Transparent Early ICU Mortality Prediction with Clinical Transformer and Per-Case Modality Attribution
This addresses the need for interpretable and robust predictive models in clinical settings to support timely interventions and resource allocation, though it is incremental in combining existing methods for transparency.
The paper tackled the problem of early ICU mortality prediction by developing a transparent multimodal ensemble that fuses physiological time-series and clinical notes, achieving improved discrimination (AUPRC 0.565 vs. 0.526; AUROC 0.891 vs. 0.876) on the MIMIC-III benchmark.
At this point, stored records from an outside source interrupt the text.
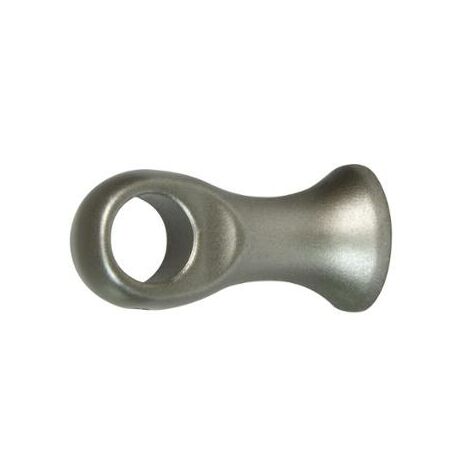 bastone tende in acciaio inox diametro 22mm finali a palla supporti 20cm,  anelli, nichel satinato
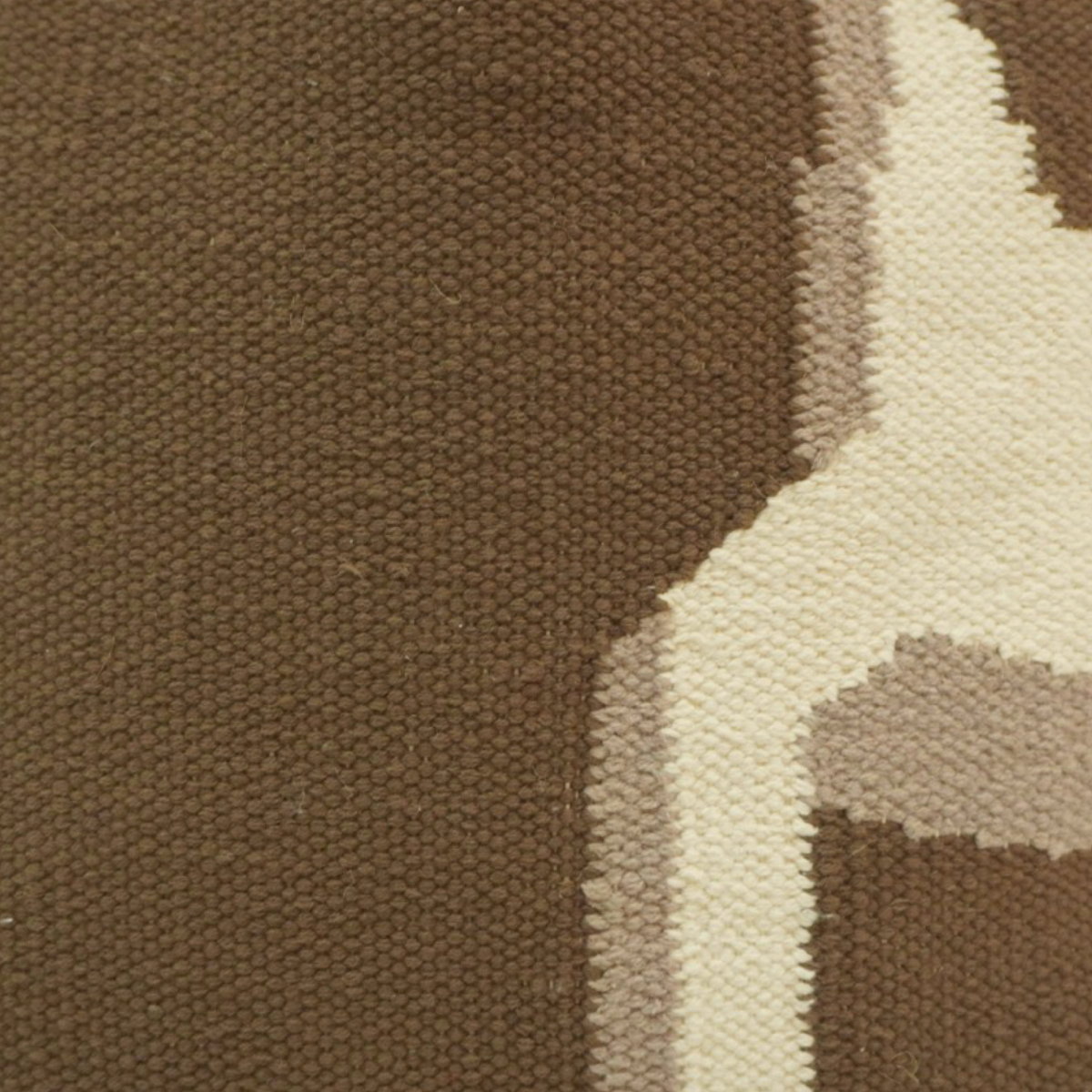 Abstract Embroidered Cotton Cushion Cover 45x45 cm | Brown & Ivory Modern Decorative Pillow Cover - Bulk manufacturer & supplier from Panipat, India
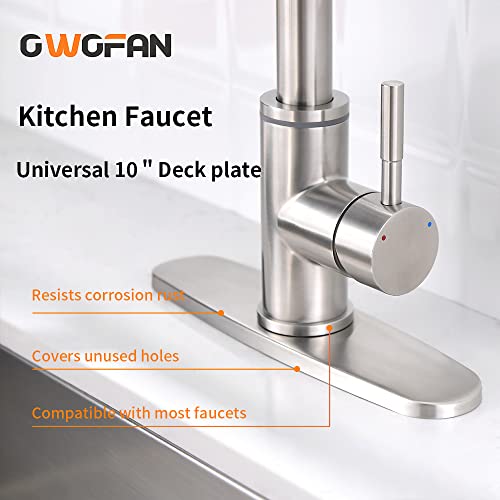 OWOFAN Hole Cover Deck Plate Escutcheon for Bathroom or Kitchen Sink Faucet Single Hole Mixer Tap 10 Inch Stainless Steel Brushed Nickel WF-4102SN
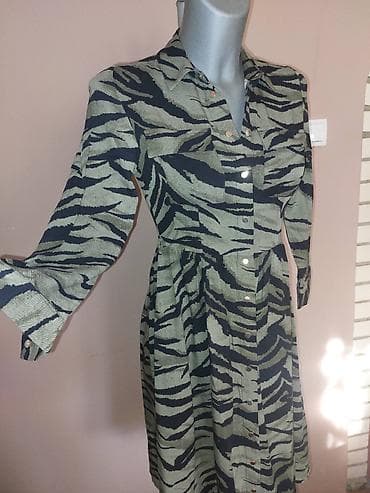 Ostalo: MOHITO HALJINA Predivna, laka haljina, kombinacija maslinasto zelene i — 2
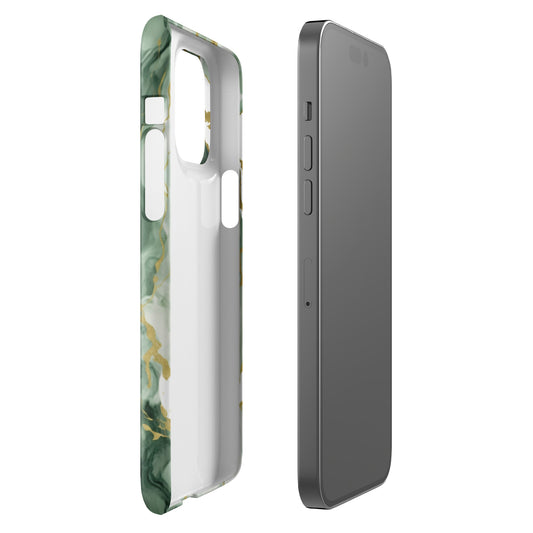 Matcha | Dark Green & Gold iPhone Case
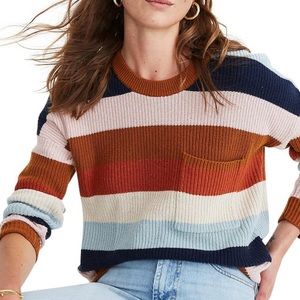 Madewell Thompson Rainbow Stripe cotton sweater XS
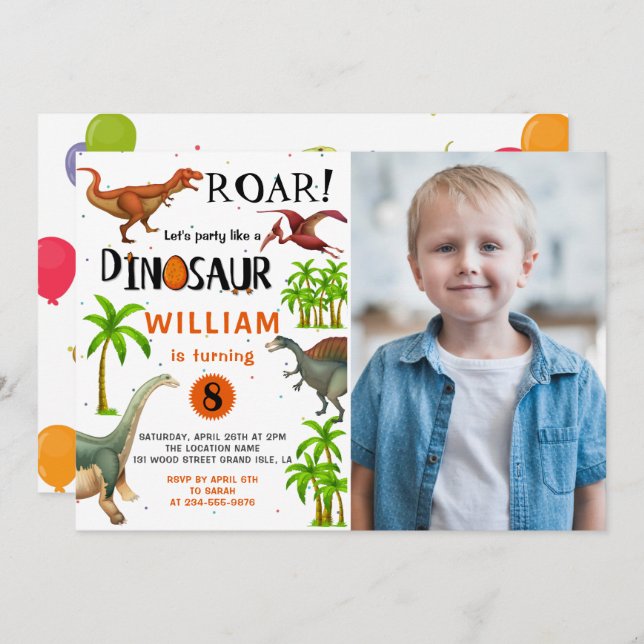 Convites Roar Boys Dinossaur Birthday Jungle Party Foto (Frente/Verso)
Early identification of intensive care patients at risk of in-hospital mortality enables timely intervention and efficient resource allocation. Despite high predictive performance, existing machine learning approaches lack transparency and robustness, limiting clinical adoption. We present a lightweight, transparent multimodal ensemble that fuses physiological time-series measurements with unstructured clinical notes from the first 48 hours of an ICU stay. A logistic regression model combines predictions from two modality-specific models: a bidirectional LSTM for vitals and a finetuned ClinicalModernBERT transformer for notes. This traceable architecture allows for multilevel interpretability: feature attributions within each modality and direct per-case modality attributions quantifying how vitals and notes influence each decision. On the MIMIC-III benchmark, our late-fusion ensemble improves discrimination over the best single model (AUPRC 0.565 vs. 0.526; AUROC 0.891 vs. 0.876) while maintaining well-calibrated predictions. The system remains robust through a calibrated fallback when a modality is missing. These results demonstrate competitive performance with reliable, auditable risk estimates and transparent, predictable operation, which together are crucial for clinical use.